44. PFC Dennis Winningstad
Granted, if I was a PR director, I would grab a copy of XP Pro, the latest and greatest programs for programming that MS has out, and throw in a free t-shirt for kicks. But the bottom line is still a couple things that I can see:
1 - This kid doesn't seem nearly has horrified about it as his boss is making a big deal out of it.
and
2 - When in this six month period did Matt Thompson stop and think, "Gee, it might be a good idea to get a work contract with MS so I get payed for this."
I'm sorry, but this is business, and it is a dog eat dog world out there.
45. Anon
M$, it sounds to me like a quick way to turn would be patchers into hackers. If a honourable mention on your website is all the thanks one gets for possibly saving you MILLIONS, alot less people are going to be willing to help, and a lot more will look for ways to hurt you out of spite. Great Business Model!
46. Bob Schmidt
Gates is a greedy grub squabiling giant that takes for granted everything people do for him
47. Linux machine
Microsoft ain't got no good OS!
LINUX ROCKS!
48. blah
If Microcrap had any generousness then they would have given the kid something
49. anonymous
Good work deserves good pay
50. Alistair Thomas
Wow! What an emotive subject!
So many lessons, it's hard to know where to start.
It's wrong to EXPECT something from doing someone a favour.
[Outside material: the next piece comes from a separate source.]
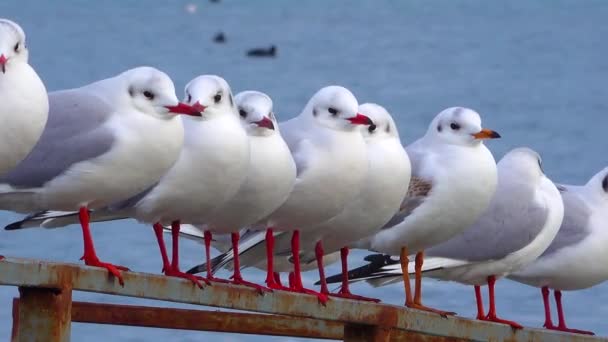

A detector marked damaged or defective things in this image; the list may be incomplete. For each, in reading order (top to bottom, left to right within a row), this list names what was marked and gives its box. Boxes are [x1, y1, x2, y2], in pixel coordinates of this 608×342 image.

rusty metal railing [0, 258, 604, 340]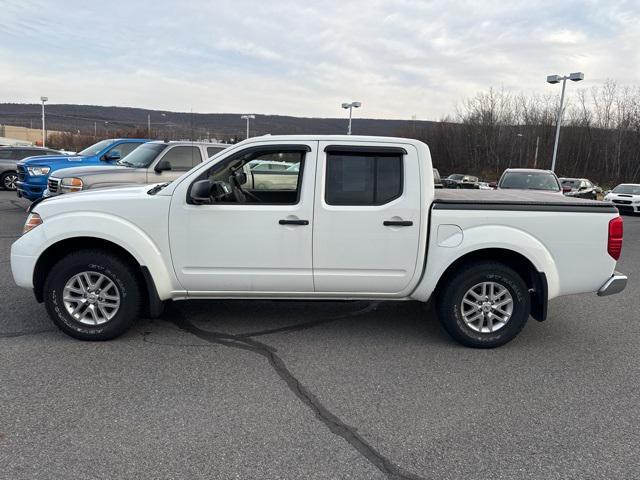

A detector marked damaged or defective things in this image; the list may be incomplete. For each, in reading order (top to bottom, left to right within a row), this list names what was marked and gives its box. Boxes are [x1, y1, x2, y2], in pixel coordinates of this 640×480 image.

I wouldn't compare helping a software giant with its commercial software to returning somebody's lost purse. You should do good things in life because it's the right thing to do and because if you do it with an open heart it makes you feel good.
It is right to show gratitude when someone shows you a kindness. Not everything has dollar value. It could be a smile, a handshake, a commitment to return the favour at some future date. Microsoft could have bought him a small country and it would have meant less than nothing if it wasn't sincere.
In an Ideal world, I'd have given Matt's company some financial compensation for the inconvenience of working with a product that was not fit for purpose. The reward of recognition could go a lot further. Whether Matt loves MS or just makes his living out of working their products, MS could do a lot more. They could give him a lifetime licence to their products (He'd value it even if some of the contributors here would not). Let him be part of the beta test programme. He becomes a bleeding edge expert on the latest stuff which may well thrill him or enable him to cash in his experience at every stage of his career.
I would like to think that during the 6 months that he worked with MS that someone got to know him quite well and made a gesture of gratitude that made Matt happy.
I was best pleased by Matt's own comment that he'd got a new job. Whatever the truth of all this, it's between MS and Matt. I hope Matt has a rewarding and satisfying career. He seems to have made a good start.
51. anonymous
So the lad gets a new job. I am guessing for better pay. Well done him.
His boss sounds upset. And people here are suspicious that his boss is really upset as he was paying him to work for M$.
I reckon the kid did OK and the boss might spend more time checking how his programmers are making him money.
52. Count Zero
It would be a more peaceful world if hackers earned their money this way and not releasing worms and viruses over the web. I think a reward wouldn't have been too much. Or do you prefer see the hachers blackmail MS?
53. anonymous
Just to confirm the post by "matt thompson" saying he got a new job was not him posting
54. anonymous
still doesn't stop the kid from being a loser in real life tho, trust me :)
55. anon
Suppose someone finds a hole that exposes thousands' private data and reports it immediately and no one really cares. Then they are investigated to the tune of $$$$ in attorney fees and more. Makes one think twice about doing the right thing.